先頭行をヘッダーにするか決め、全行で列数と順序を統一します。NULL、空文字列、区切り文字を含む文字列、 改行、DATETIME形式をサンプルファイルで先に検証します。大きなファイルは全体実行前に小さなサンプルで テーブルスキーマと変換規則を確認します。

machloaderでインポート

基本構文は次のとおりです。

"$MACHBASE_HOME/bin/machloader"   -s 127.0.0.1 -P 5656   -u APP_USER -p "$MACH_SAMPLE_PASSWORD"   -i -t SENSOR_LOG -d /data/sensor.csv   -l /data/sensor.log -b /data/sensor.bad

ヘッダーがある場合は-H、区切り文字がカンマ以外なら-D、日付形式が異なる場合は-Fを明示します。 全オプションはmachloaderを参照してください。

csvimportでインポート

csvimportはmachloaderでよく使うCSVオプションを簡略化したツールです。

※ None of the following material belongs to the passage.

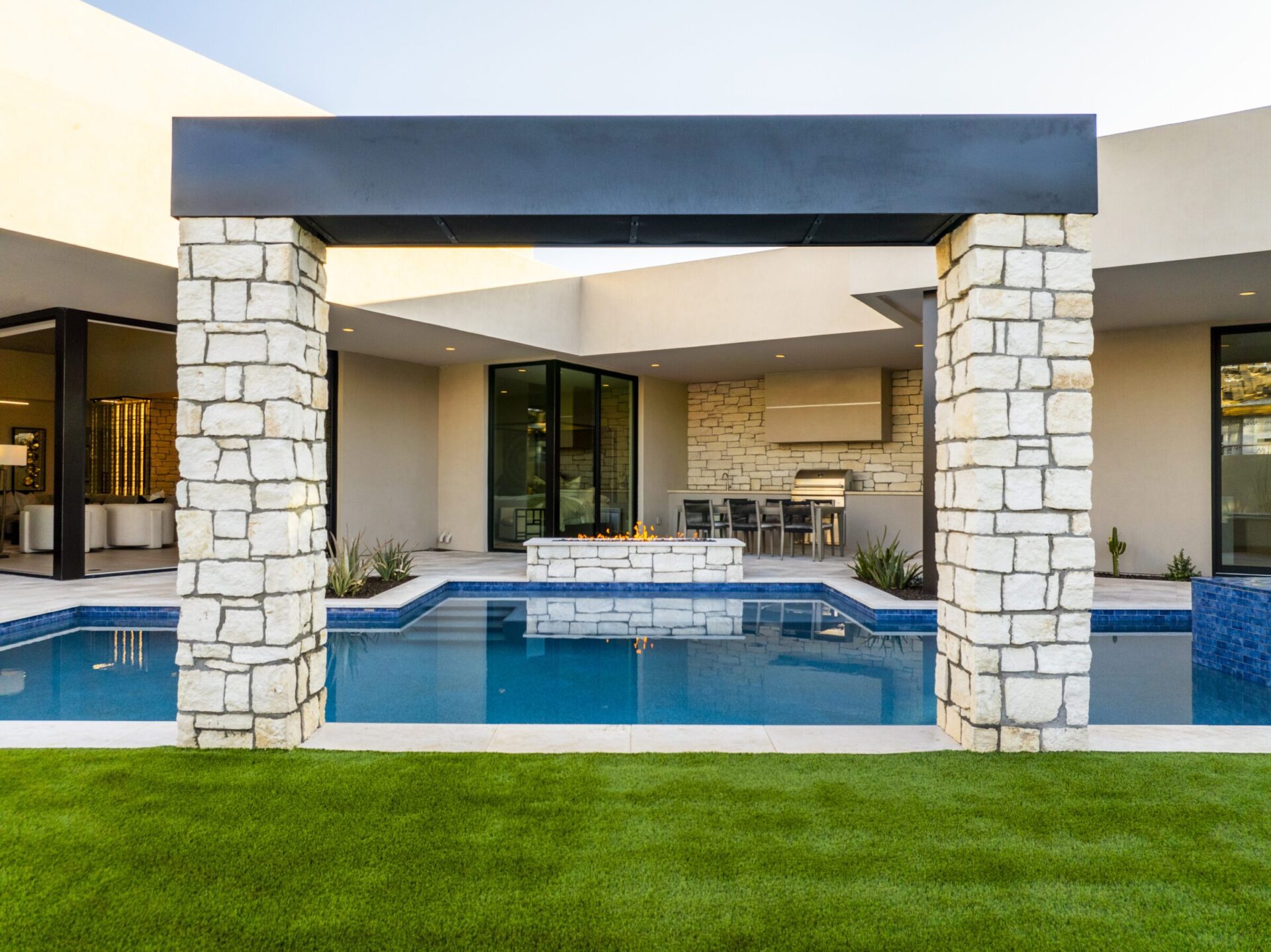 Modern house with stone pillars, pool, and outdoor seating area. Green lawn in foreground, sleek architecture evident throughout the design.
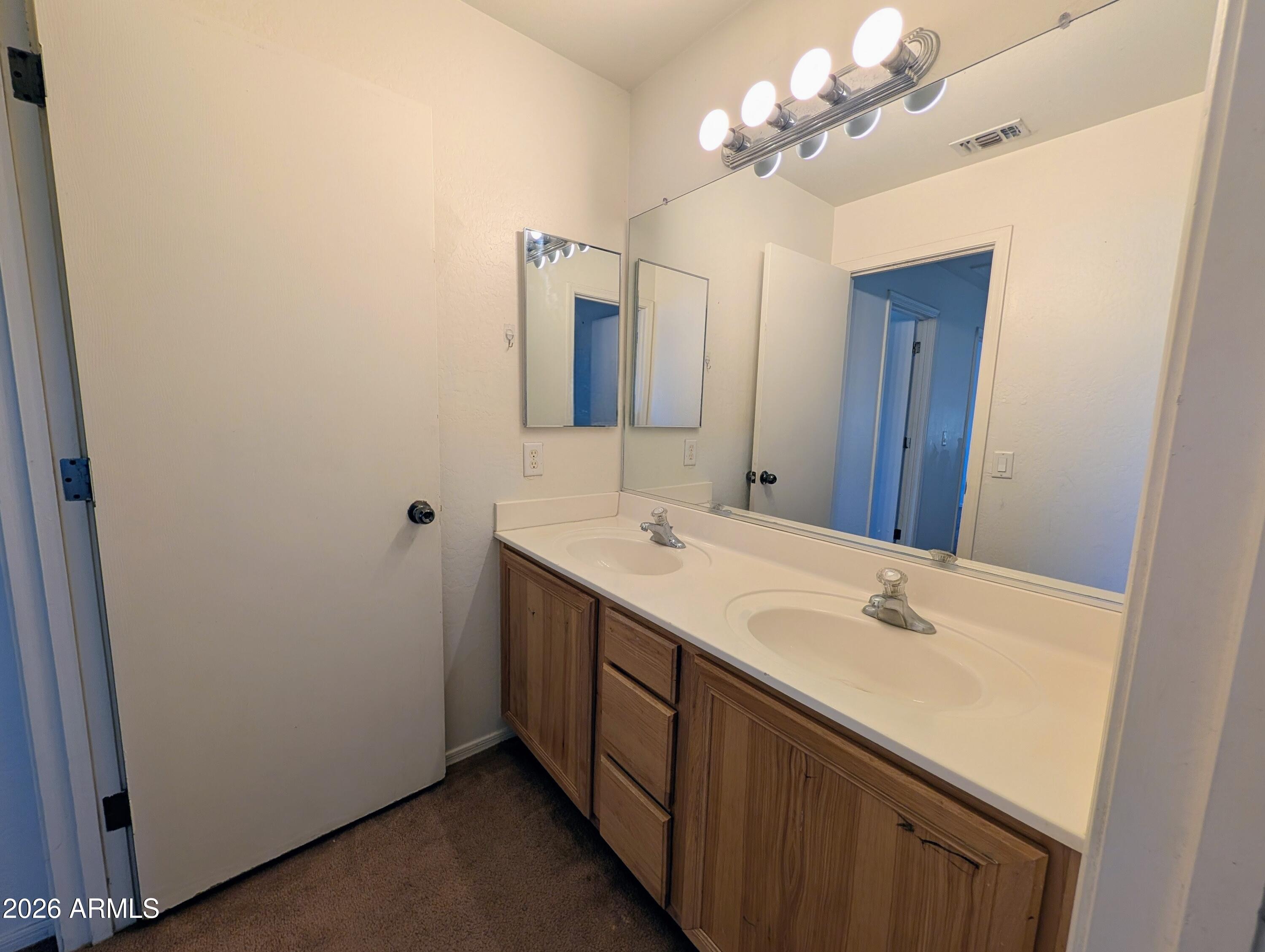 712 Baldwin Loop Coolidge, AZ 85128 - Photo 18 of 21 a bathroom with a sink vanity and a mirror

"$MACHBASE_HOME/bin/csvimport"   -s 127.0.0.1 -P 5656   -u APP_USER -p "$MACH_SAMPLE_PASSWORD"   -t SENSOR_LOG -d /data/sensor.csv -H   -l /data/sensor.log -b /data/sensor.bad

-Cの自動作成では、すべての列が意図した業務用の型になるとは限りません。本番ロードは テーブルを明示的に作成し、スキーマを確認してから実行します。

エクスポート方式の選択

方式適している場合
SAVE DATA INTOSQL条件と検索列を選択してサーバーファイルを作成
machloader -oテーブル単位のエクスポートと詳細オプションの使用
csvexport単純なCSVエクスポート
SDK SELECTアプリケーションで行を変換・送信する必要がある場合

ファイル所有権とパス

SAVE DATA INTOのパスとファイル権限はサーバープロセス基準です。machloaderとcsvexportの 出力ファイルは、ツールを実行したOSユーザー基準です。相対パスを避け、既存ファイルの上書きポリシーと 利用可能なディスク容量を先に確認します。

SAVE DATA INTO

SQL条件で結果をエクスポートする際に使用します。本番経路で実行する前に、小さな結果と専用の検証パスで ファイル作成・エンコーディング・ヘッダーを確認します。全構文は SAVE DATA INTOを参照してください。

machloaderでエクスポート

"$MACHBASE_HOME/bin/machloader"   -s 127.0.0.1 -P 5656   -u APP_USER -p "$MACH_SAMPLE_PASSWORD"   -o -t SENSOR_LOG -d /data/sensor-export.csv -H   -l /data/sensor-export.log

csvexportでエクスポート

"$MACHBASE_HOME/bin/csvexport"   -s 127.0.0.1 -P 5656   -u APP_USER -p "$MACH_SAMPLE_PASSWORD"   -t SENSOR_LOG -d /data/sensor-export.csv -H   -l /data/sensor-export.log

バッチ処理

  • バッチサイズは行サイズと遅延要件に基づいて負荷テストします。
  • 各バッチの入力元オフセットと対象の成功件数を記録します。
  • 部分失敗時は、全体の再実行より失敗行だけを分離して再処理します。
  • 同じ行を再送しても安全になるよう、業務キーと重複ポリシーを定義します。

大量入力のエラー処理

  1. ツールの終了コードと集計件数を確認します。
  2. ログでサーバーのエラーコードと最初の失敗原因を確認します。
  3. エラー行ファイルの列数、型、NULL、日付形式、エンコーディングを元データと比較します。
  4. 修正した小さなファイルで再検証し、失敗行だけを再入力します。
  5. 対象テーブルの最終件数、時間範囲、サンプル行を確認します。

認証情報や機密の生データがログ・エラー行ファイルに残る可能性があるため、アクセス権と保持期間を設定します。